_Problem_: The entries that follow need to be printed exactly as they are, minus any pictures.

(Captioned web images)

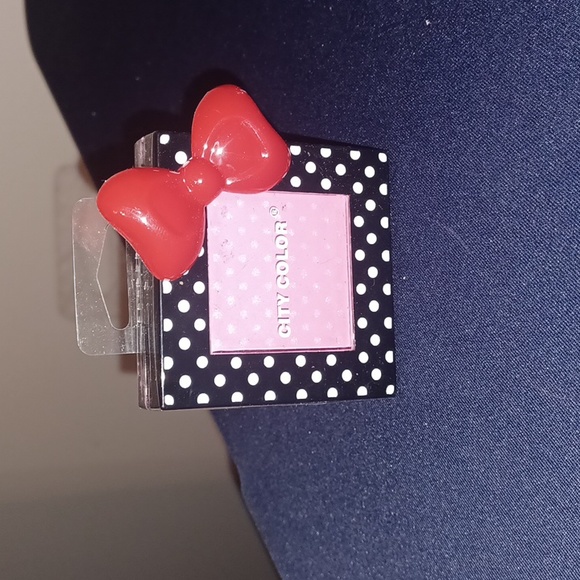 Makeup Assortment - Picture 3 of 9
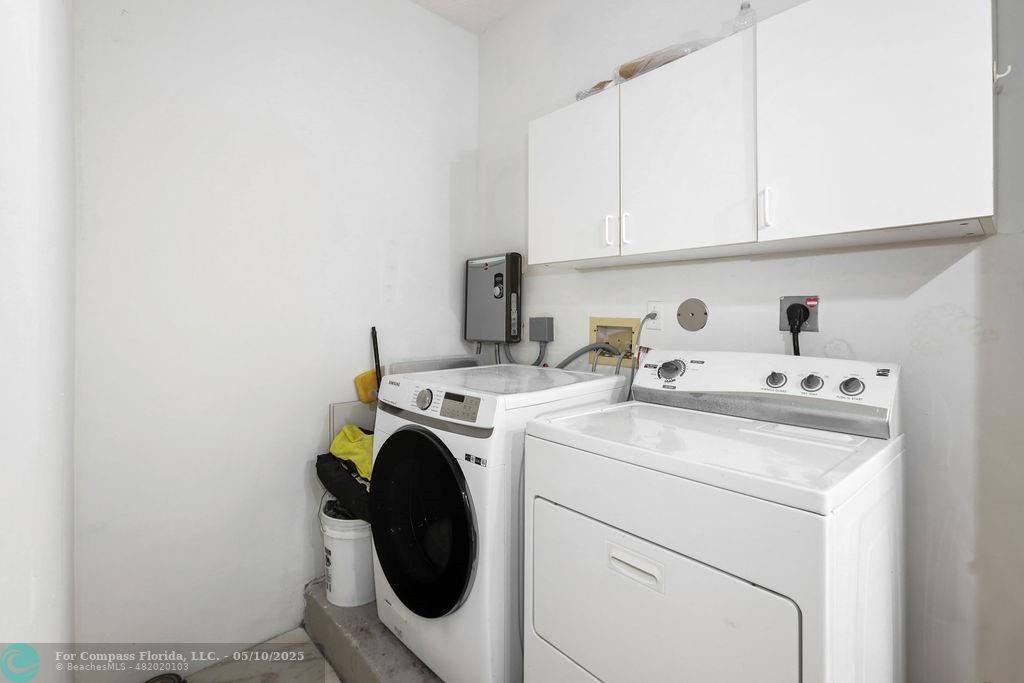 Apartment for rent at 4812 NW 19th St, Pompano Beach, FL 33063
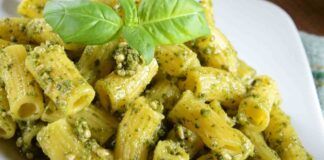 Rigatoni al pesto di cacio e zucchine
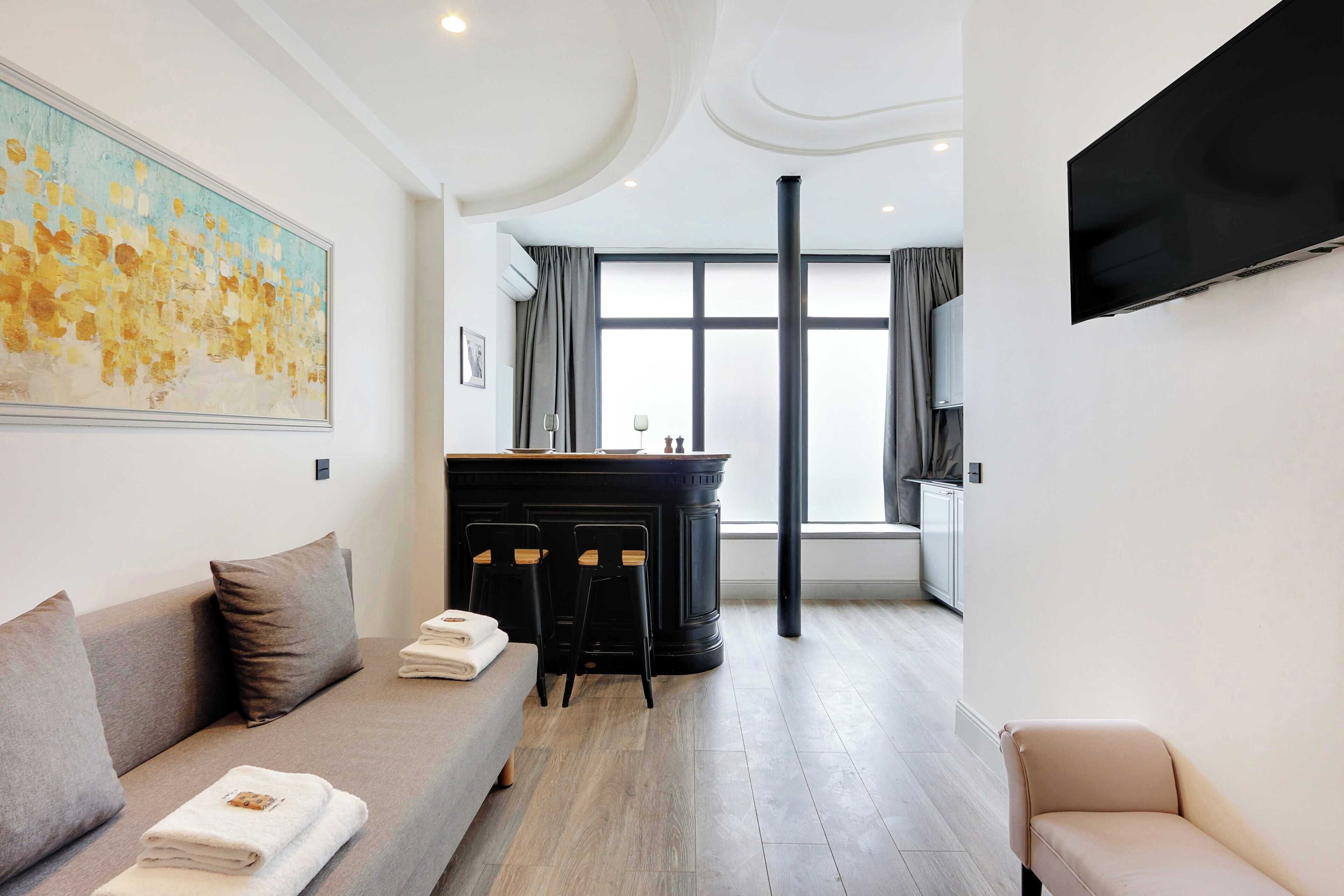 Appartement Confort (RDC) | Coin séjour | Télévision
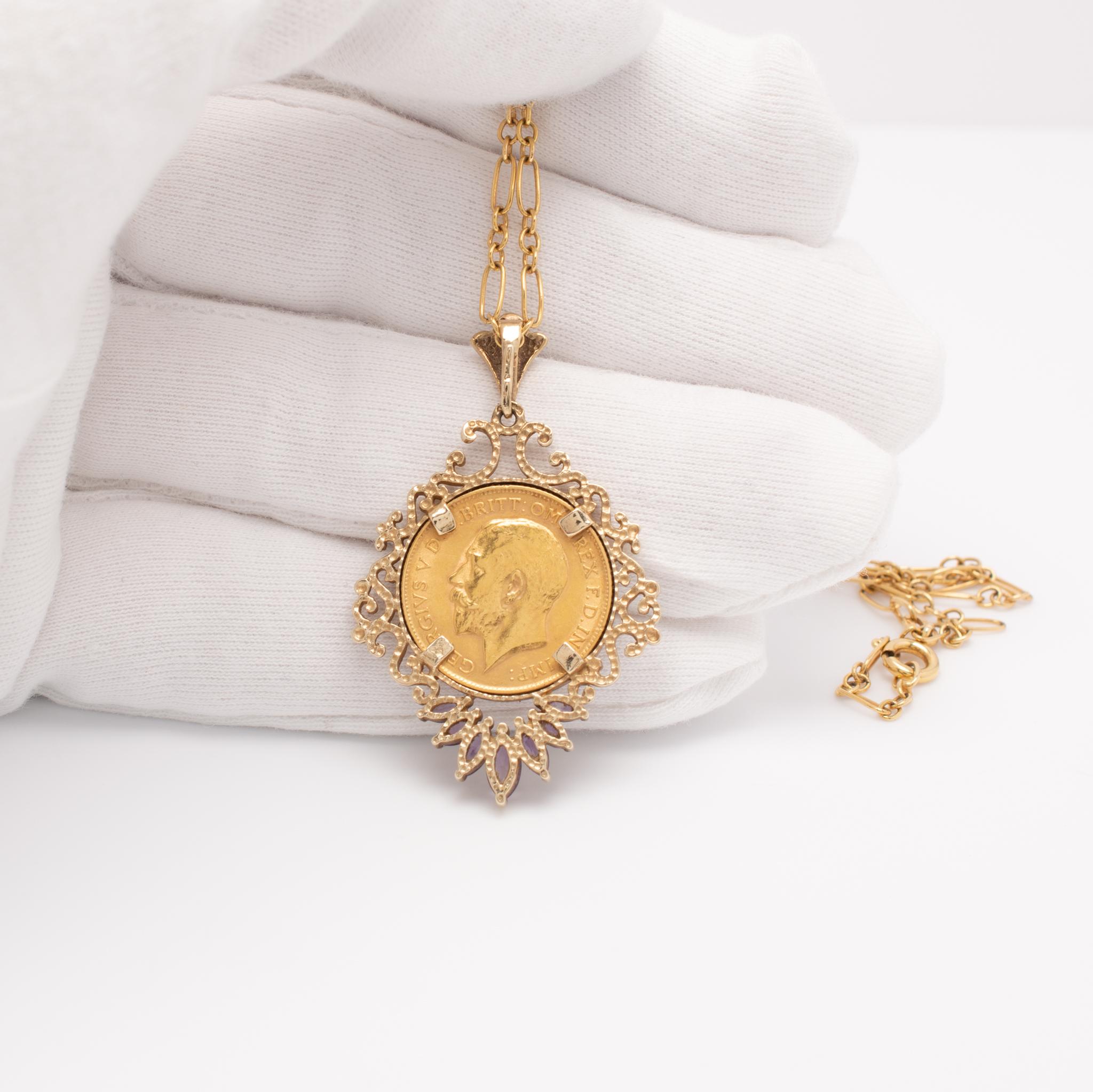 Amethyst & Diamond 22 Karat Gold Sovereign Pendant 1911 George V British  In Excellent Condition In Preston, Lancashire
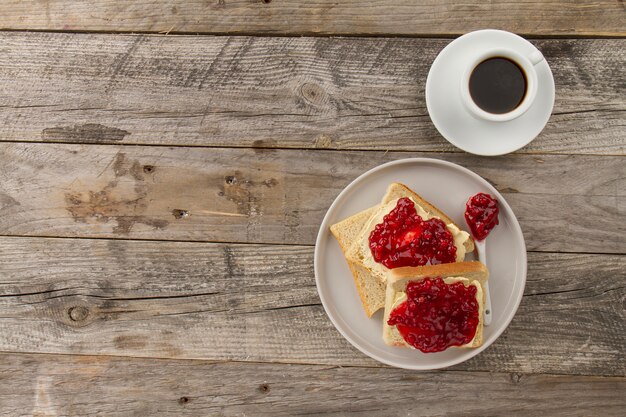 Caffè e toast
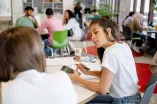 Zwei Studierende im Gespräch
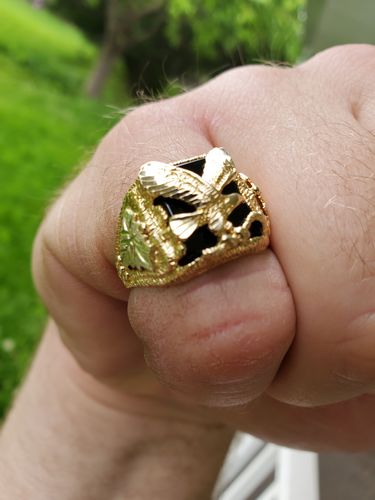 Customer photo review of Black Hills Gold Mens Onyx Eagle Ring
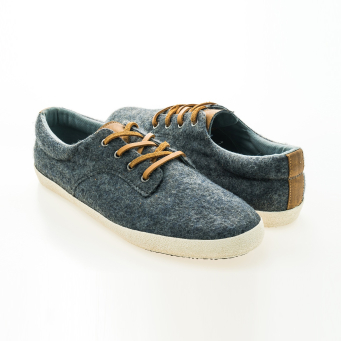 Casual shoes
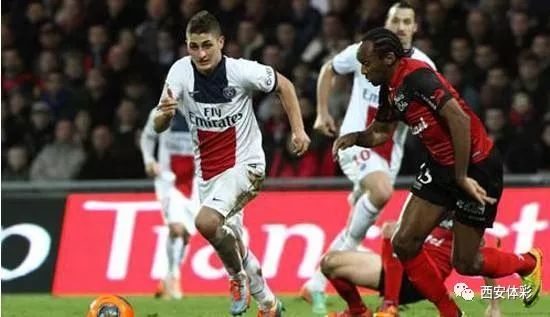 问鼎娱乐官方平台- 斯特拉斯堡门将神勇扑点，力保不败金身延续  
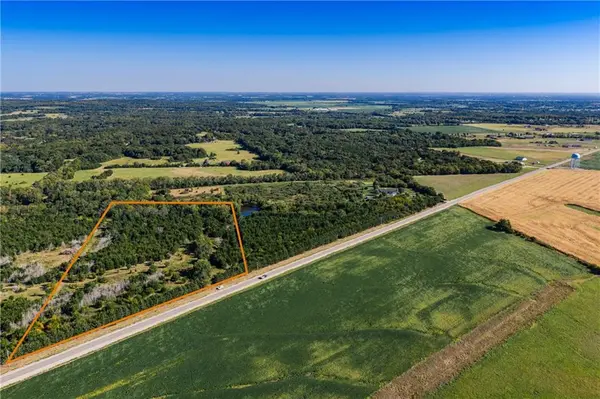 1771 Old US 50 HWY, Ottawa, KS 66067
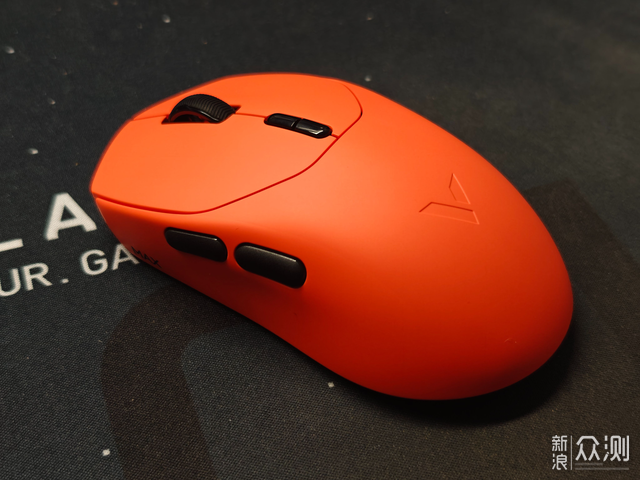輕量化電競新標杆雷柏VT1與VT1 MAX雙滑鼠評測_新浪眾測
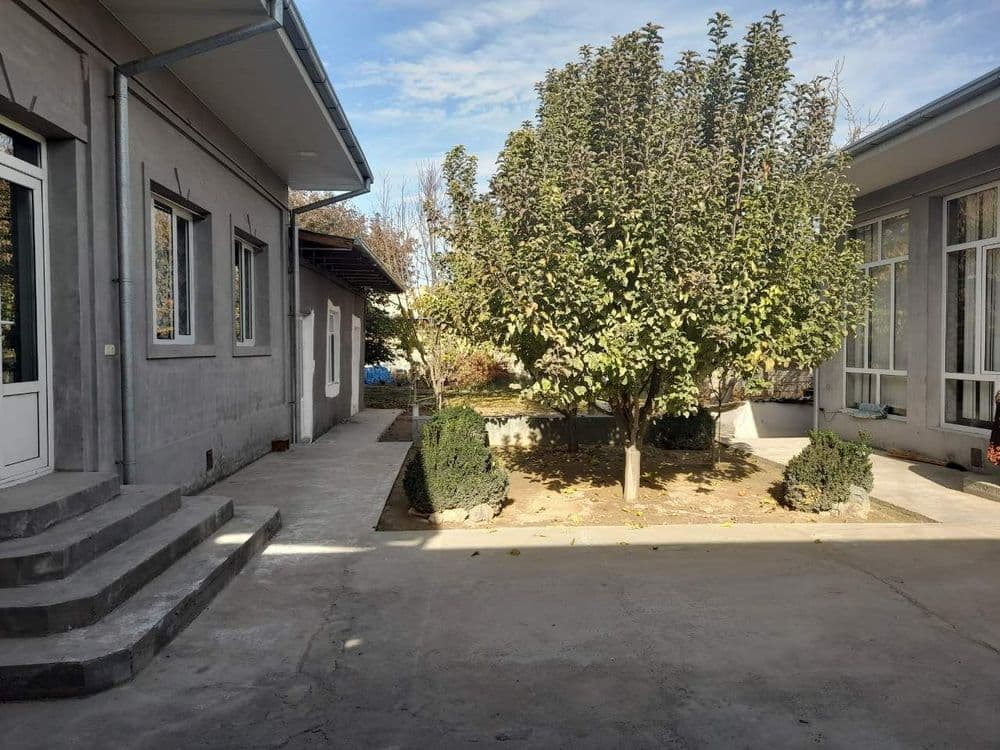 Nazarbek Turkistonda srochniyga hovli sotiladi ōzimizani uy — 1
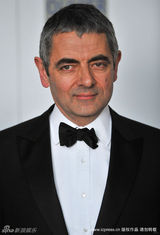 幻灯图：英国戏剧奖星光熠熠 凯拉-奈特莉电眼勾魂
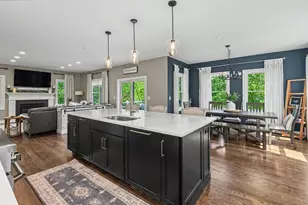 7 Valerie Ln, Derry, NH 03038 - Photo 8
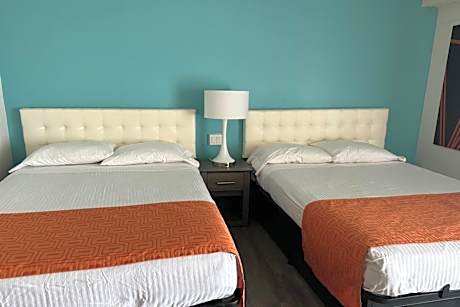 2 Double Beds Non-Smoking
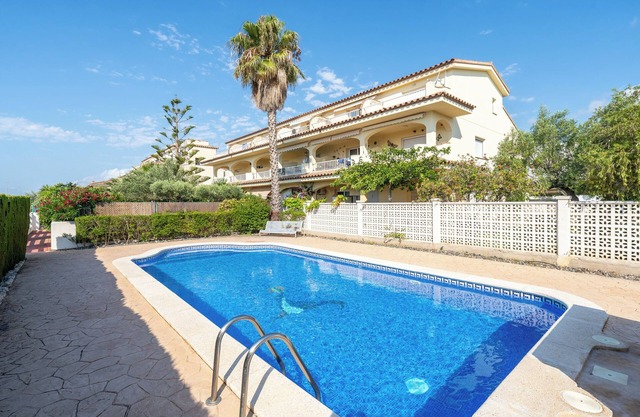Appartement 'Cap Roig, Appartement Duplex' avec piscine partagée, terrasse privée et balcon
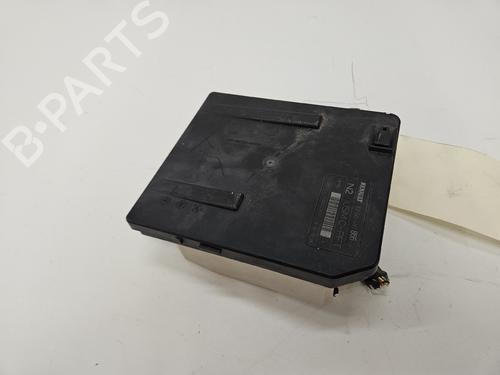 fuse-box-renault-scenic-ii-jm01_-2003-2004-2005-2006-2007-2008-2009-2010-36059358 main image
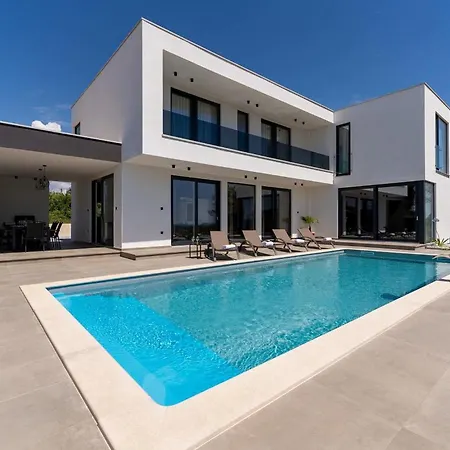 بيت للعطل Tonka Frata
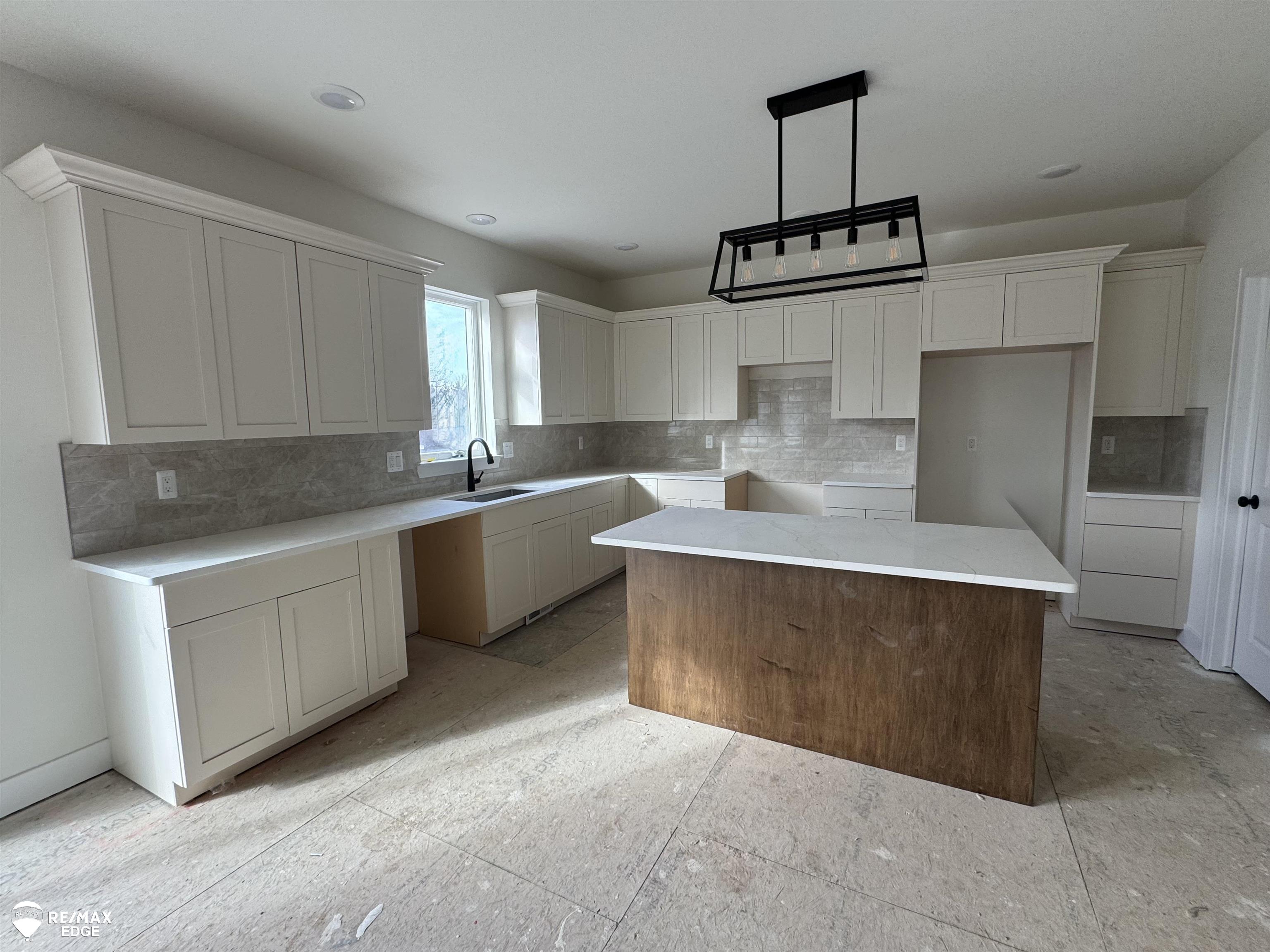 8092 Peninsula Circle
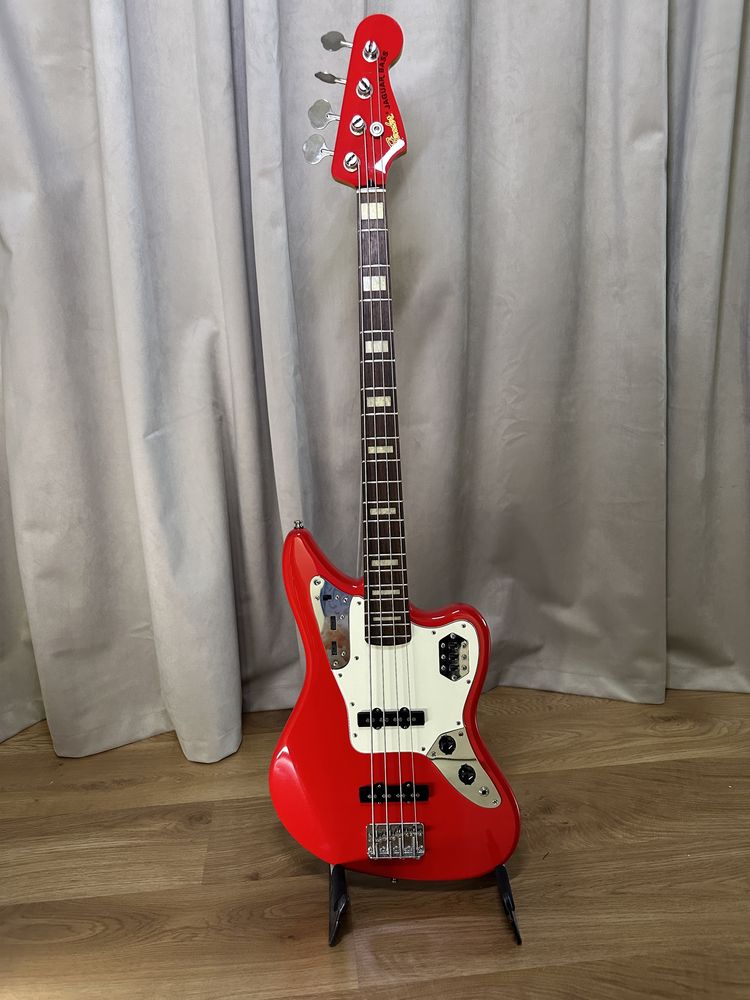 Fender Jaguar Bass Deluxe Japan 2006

_Solution to this task_:
 Makeup Assortment - Picture 3 of 9
 Apartment for rent at 4812 NW 19th St, Pompano Beach, FL 33063
 Rigatoni al pesto di cacio e zucchine
 Appartement Confort (RDC) | Coin séjour | Télévision
 Amethyst & Diamond 22 Karat Gold Sovereign Pendant 1911 George V British  In Excellent Condition In Preston, Lancashire
 Caffè e toast
 Zwei Studierende im Gespräch
 Customer photo review of Black Hills Gold Mens Onyx Eagle Ring
 Casual shoes
 问鼎娱乐官方平台- 斯特拉斯堡门将神勇扑点，力保不败金身延续  
 1771 Old US 50 HWY, Ottawa, KS 66067
輕量化電競新標杆雷柏VT1與VT1 MAX雙滑鼠評測_新浪眾測
 Nazarbek Turkistonda srochniyga hovli sotiladi ōzimizani uy — 1
 幻灯图：英国戏剧奖星光熠熠 凯拉-奈特莉电眼勾魂
 7 Valerie Ln, Derry, NH 03038 - Photo 8
 2 Double Beds Non-Smoking
Appartement 'Cap Roig, Appartement Duplex' avec piscine partagée, terrasse privée et balcon
 fuse-box-renault-scenic-ii-jm01_-2003-2004-2005-2006-2007-2008-2009-2010-36059358 main image
 بيت للعطل Tonka Frata
 8092 Peninsula Circle
 Fender Jaguar Bass Deluxe Japan 2006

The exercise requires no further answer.